Apache Spark

PySpark To_Date()

In the sales sector, the Time Series Analysis is the most important factor to analyze the sales day to day. It is necessary to change all the date-time related data to Date/DateTime. Spark is one of the open-source programs which executes and analyzes this in cluster nodes through machine learning/DataScience techniques. In this guide, we will discuss about the to_date() function that is available in the pyspark.sql.functions module which converts the input Date/TimeStamp  string type column to date. As part of this tutorial, we will see the different examples of converting the TimeStamp/Date string to date.

Pyspark.sql.functions.to_date()

To_date() is available in pyspark.sql.functions module. It is necessary to import this function from this module. It accepts two parameters. The first parameter is the column which is the date/time stamp format. The second parameter is the format in which the values exist in the column (first parameter). It converts into specified format with date type. It is also possible to use this function in Spark SQL functions. We can use the SELECT command to get the date from the Date/Timestamp string type.

Syntax:

  1. 1. We can use the select() method to display the columns and specify the function within this method.
dataframe_obj.select(col("Actual Input"),to_date(col(“column_name”),format).alias("New column name"))

 

  1. 2. We can use the select() method to display the columns and specify the function within this method.
linuxhint_spark_app.sql("SELECT to_date('input_string_date,format) new_column_name")

 
First, install the PySpark module using the pip command.

pip install pyspark

 

Example 1: To_Date() with Format

Let’s create a PySpark DataFrame with 1 column named “Actual Input” with 5 records and convert it into the date type with the “dd-MM-yyyy” format. We use the select() method to display the converted date. Here, we store it in the “YEAR-MONTH-DAY” column.

import pyspark
from pyspark.sql import SparkSession
from pyspark.sql.functions import col,to_date
linuxhint_spark_app = SparkSession.builder.appName('Linux Hint').getOrCreate()

first_df =[["25-05-1999"],["04-05-2015"],["01-05-2019"],["23-06-2006"],["01-01-1992"]]
           
# create the dataframe using the first_df
first_df_obj = linuxhint_spark_app.createDataFrame(first_df,["Actual Input"])

# Actual DataFrame
first_df_obj.show()

# Dataframe with date in the format -> dd-mm-yyyy
first_df_obj.select(col("Actual Input"),to_date(col("Actual Input"),"dd-MM-yyyy").alias("YEAR-MONTH-DAY")).show()

 
Output:


Example 2: Using the SQL To_Date() with Format

Now, we use the Spark SQL query to convert the string date to the “dd-MM-YYYY” format.

import pyspark
from pyspark.sql import SparkSession
from pyspark.sql.functions import col,to_date
linuxhint_spark_app = SparkSession.builder.appName('Linux Hint').getOrCreate()

# to_date() with SQL
linuxhint_spark_app.sql("SELECT to_date('25-05-1999','dd-MM-yyyy') YEAR_MONTH_DAY").show()

 
Output:


Example 3: Convert the TimeStamp Column to Date

Quickly create a PySpark DataFrame with one column named “Timestamp” with 5 records.
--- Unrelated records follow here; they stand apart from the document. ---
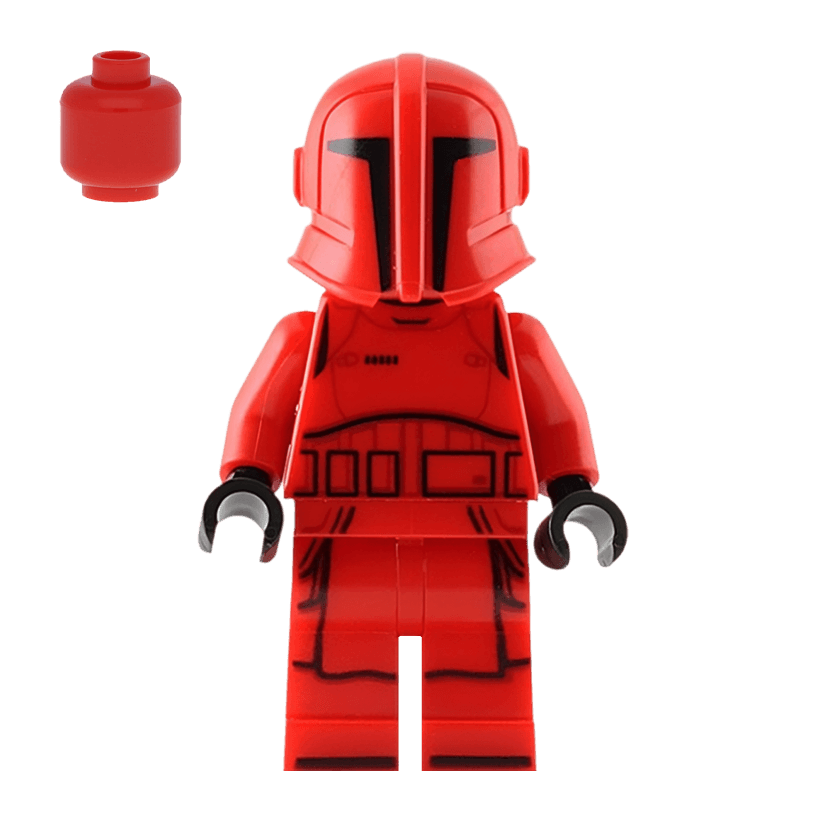 Фігурка Lego Імперія Imperial Praetorian Guard Star Wars sw1343 75386 Б/У - Retromagaz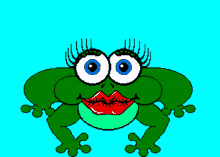 Frosch Kuss GIF - Frosch Kuss GIFs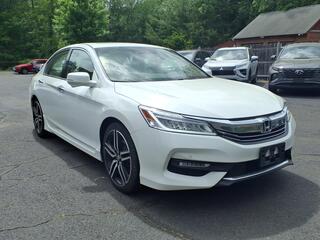 2017 Honda Accord for sale in Canton CT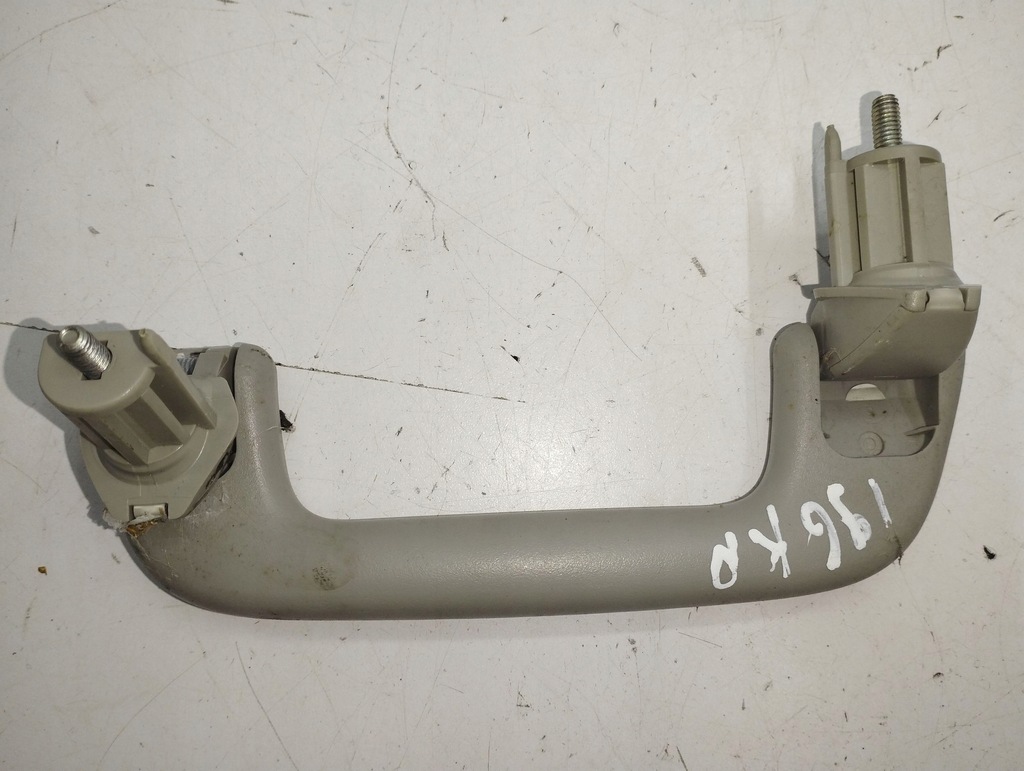 фото №6, Toyota corolla verso ar10 набор креплений sufitowych 2007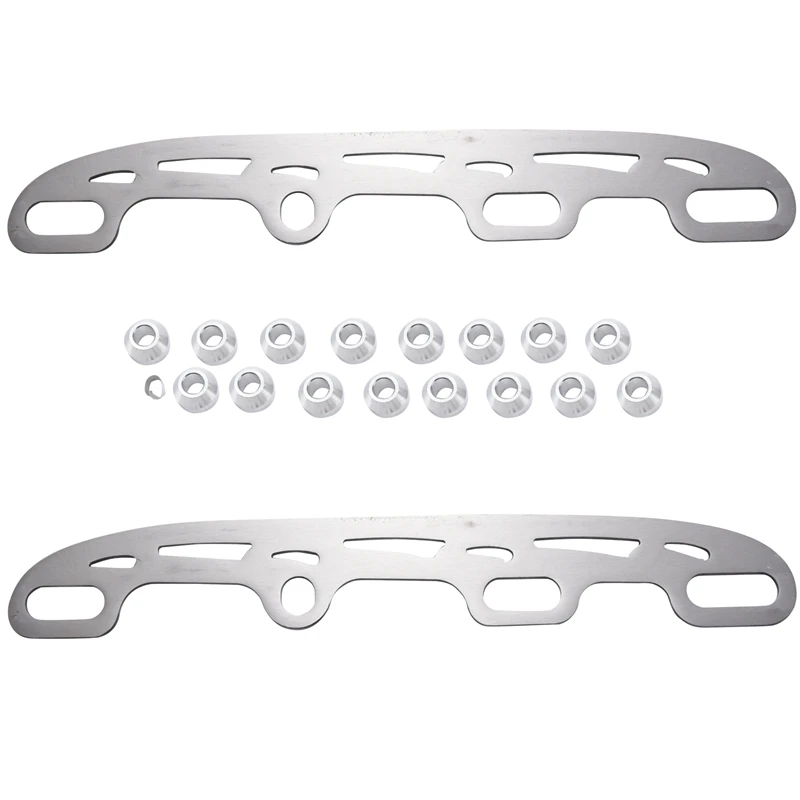 

1 пара роликовых коньков лыжные лезвия из нержавеющей стали встроенные фигурки коньки для взрослых детей ледокатание полный комплект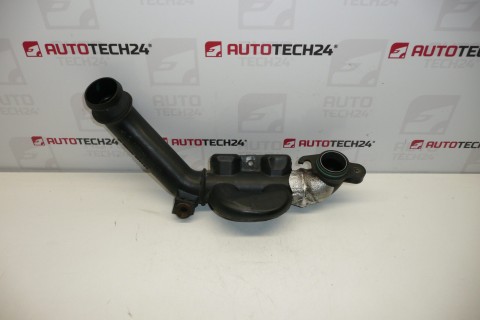 Rezonátor 1.6HDI CITROEN PEUGEOT 9657083280 144053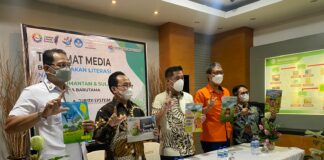 Tingkatkan Literasi Penduduk, Sebanyak 3,2 Juta Eksemplar Buku Bacaan Didistribusikan ke Wilayah Kalimantan dan Sulawesi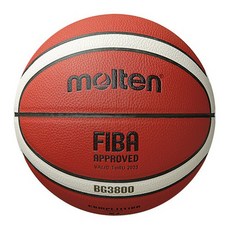 몰텐 - BG3800 6호 농구공 FIBA KBL 공인구 B6G3800 [0454739507]
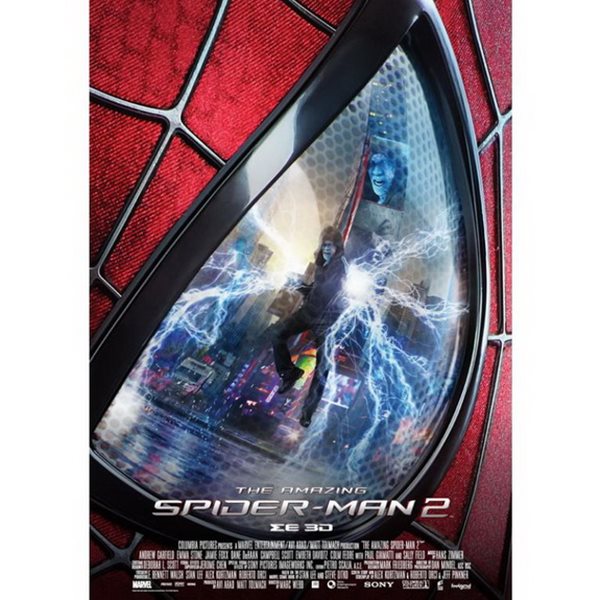 The amazing Spider-man 2
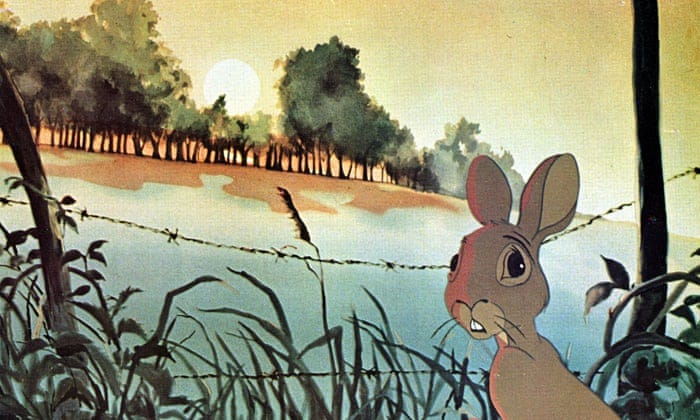 The rabbit language of Watership Down helped me make the leap into English  | Philip Oltermann | The Guardian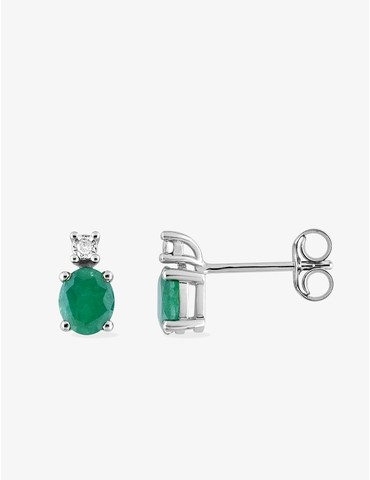 Boucles d'oreilles en or...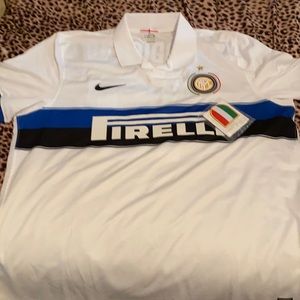 Nike Authentic inter Milan cambiasso jerey
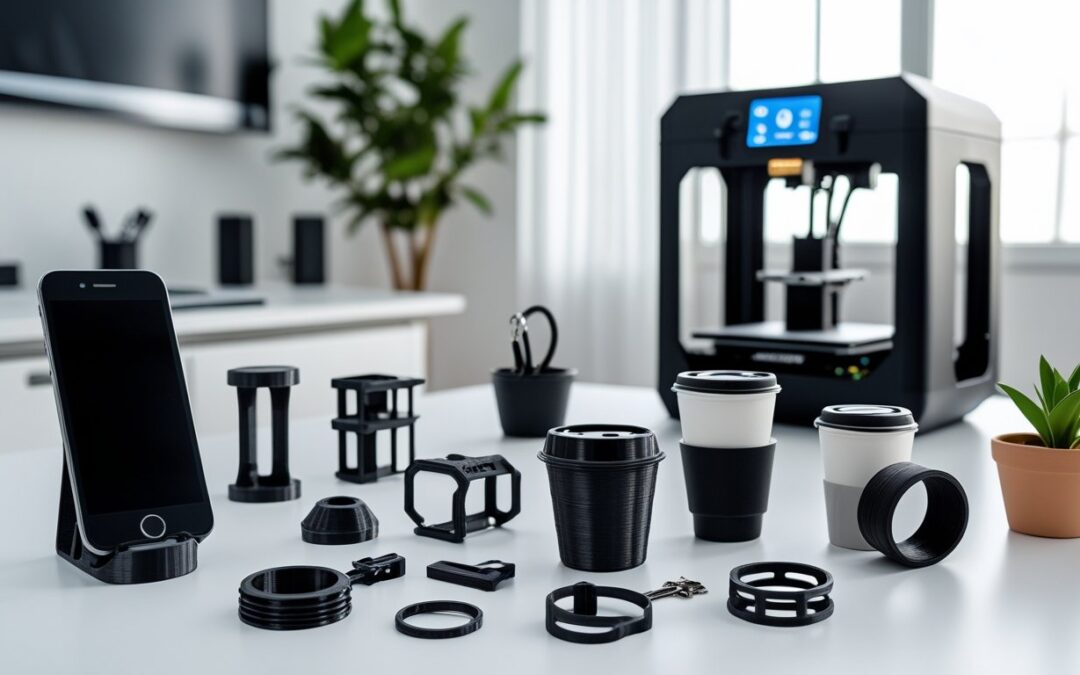 Things You Can 3D Print for Practical Everyday Use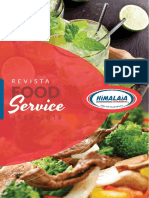 Revista Food Service - HIM-1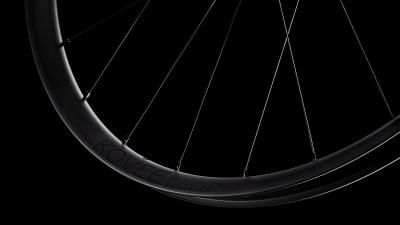 Bontrager Vorderrad Bontrager Kovee Elite 30 29D 110 Black Produktbild 6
Use the to_date() function to extract the date from the timestamp and store all 5 records in the “Extracted Date” column.

import pyspark
from pyspark.sql import SparkSession
from pyspark.sql.functions import col,to_date
linuxhint_spark_app = SparkSession.builder.appName('Linux Hint').getOrCreate()

first_df =[["2023-05-25 02:30:00"],["2021-05-25 02:30:00"],["2020-06-10 02:30:00"],["2021-06-15 02:30:00"],["2012-01-05 02:30:00"]]
           
# create the dataframe using the first_df
first_df_obj = linuxhint_spark_app.createDataFrame(first_df,["Timestamp"])

# Actual DataFrame
first_df_obj.show(truncate=False)

# Convert the above Timestamp column to Date
first_df_obj.select(to_date(first_df_obj["Timestamp"], 'yyyy-MM-dd HH:mm:ss').alias('Extracted Date')).show()

 
Output:


Example 4: TimeStamp Column to Date with SQL

Let’s select the date from the TimeStamp in the SELECT query using the Spark SQL function.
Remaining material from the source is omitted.